* _Work to complete_:
The listing below holds pictures; exclude them. Return exactly the lines from the one with "d.What proportion of" through the one with "waiting, waiting".

* _Task inputs_:
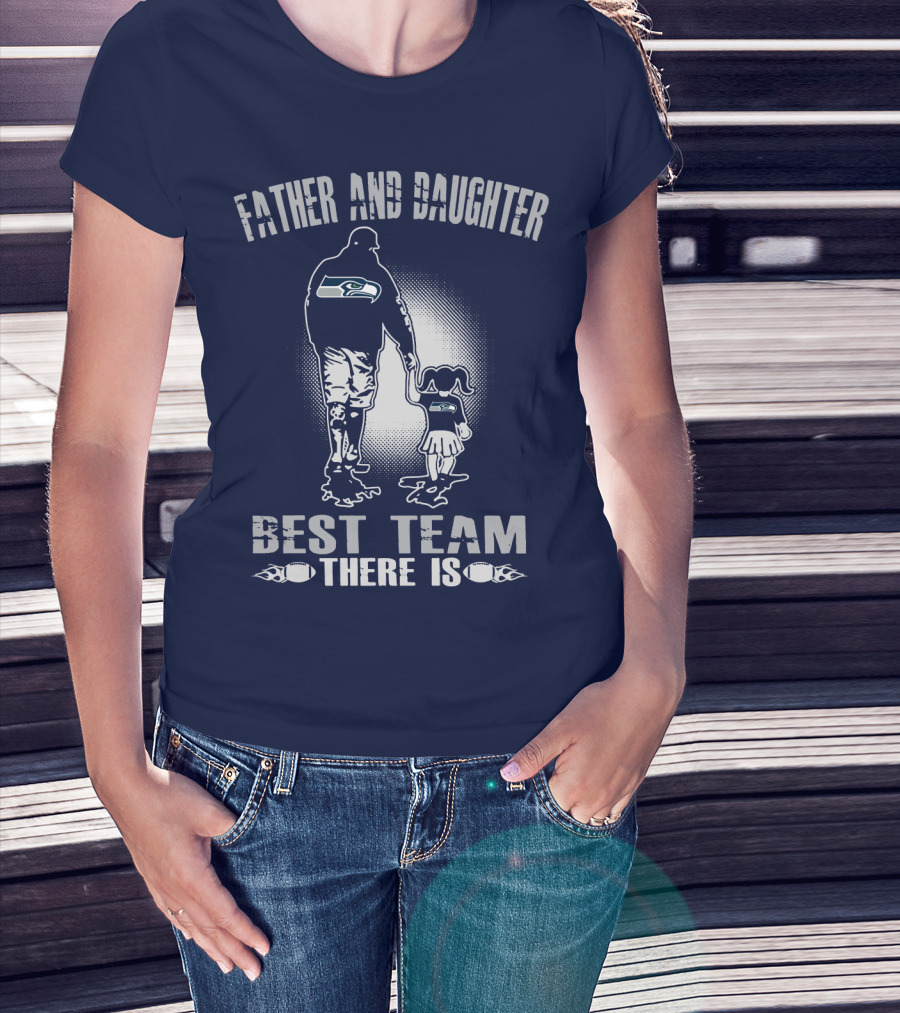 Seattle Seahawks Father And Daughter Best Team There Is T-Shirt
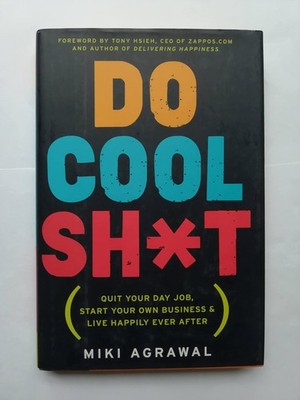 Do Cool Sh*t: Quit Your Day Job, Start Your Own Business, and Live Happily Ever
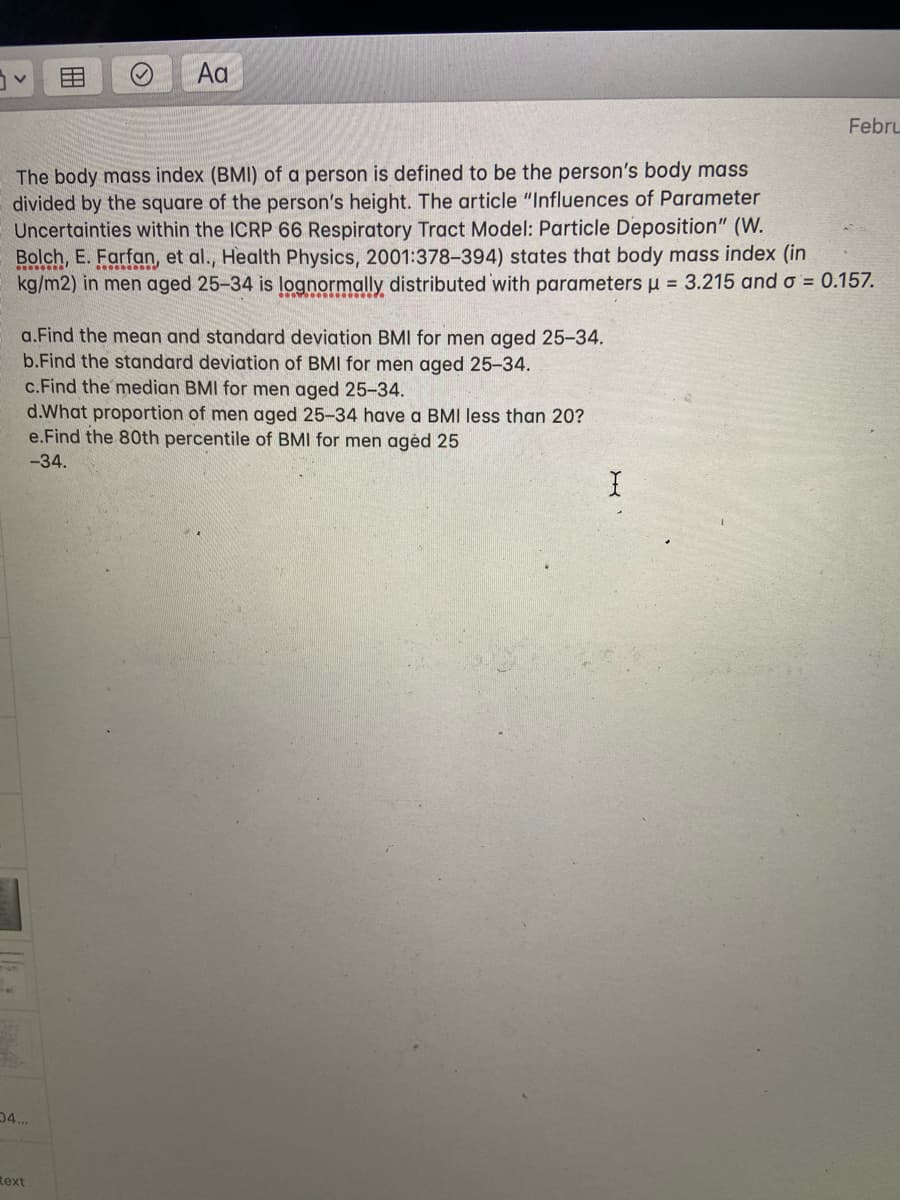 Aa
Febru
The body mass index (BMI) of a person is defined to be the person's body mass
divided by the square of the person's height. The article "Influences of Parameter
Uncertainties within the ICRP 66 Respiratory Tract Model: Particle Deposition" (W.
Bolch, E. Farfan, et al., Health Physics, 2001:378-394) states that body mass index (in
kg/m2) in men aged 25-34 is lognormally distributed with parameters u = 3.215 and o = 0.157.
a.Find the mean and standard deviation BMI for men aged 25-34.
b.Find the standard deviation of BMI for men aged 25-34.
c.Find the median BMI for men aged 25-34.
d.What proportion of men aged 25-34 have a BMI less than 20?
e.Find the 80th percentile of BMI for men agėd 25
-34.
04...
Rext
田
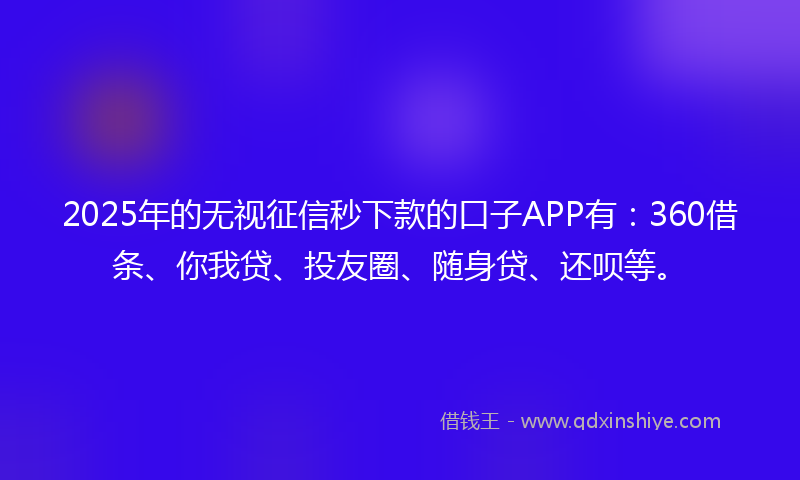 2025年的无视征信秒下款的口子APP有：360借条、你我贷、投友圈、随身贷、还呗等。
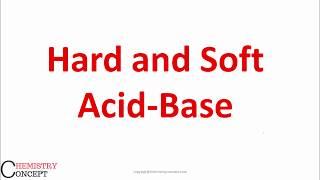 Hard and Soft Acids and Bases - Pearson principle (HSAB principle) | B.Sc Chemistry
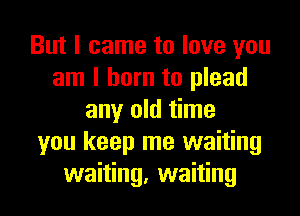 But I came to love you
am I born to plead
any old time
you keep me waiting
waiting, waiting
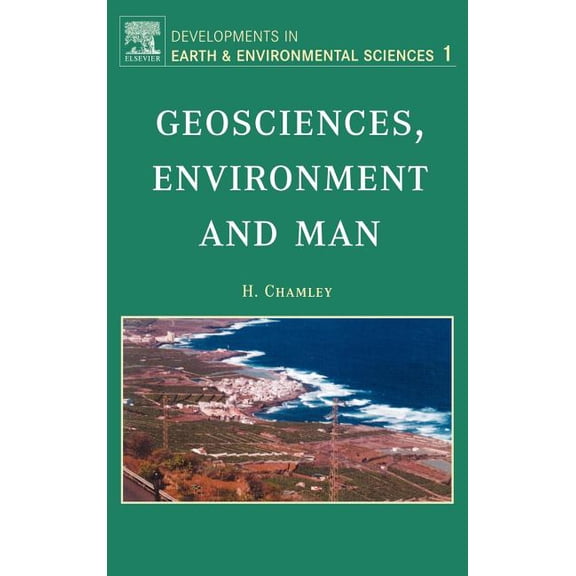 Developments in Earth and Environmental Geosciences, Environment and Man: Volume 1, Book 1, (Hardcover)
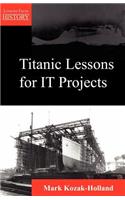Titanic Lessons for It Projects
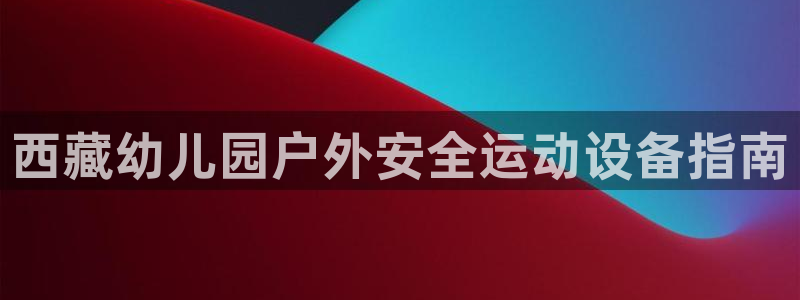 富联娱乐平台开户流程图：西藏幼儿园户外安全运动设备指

* _Reply_:
d.What proportion of men aged 25-34 have a BMI less than 20?
e.Find the 80th percentile of BMI for men agėd 25
-34.
04...
Rext
田
 2025年的无视征信秒下款的口子APP有：360借条、你我贷、投友圈、随身贷、还呗等。
 Hard and Soft Acids and Bases - Pearson principle (HSAB principle) | B.Sc Chemistry
 But I came to love you
am I born to plead
any old time
you keep me waiting
waiting, waiting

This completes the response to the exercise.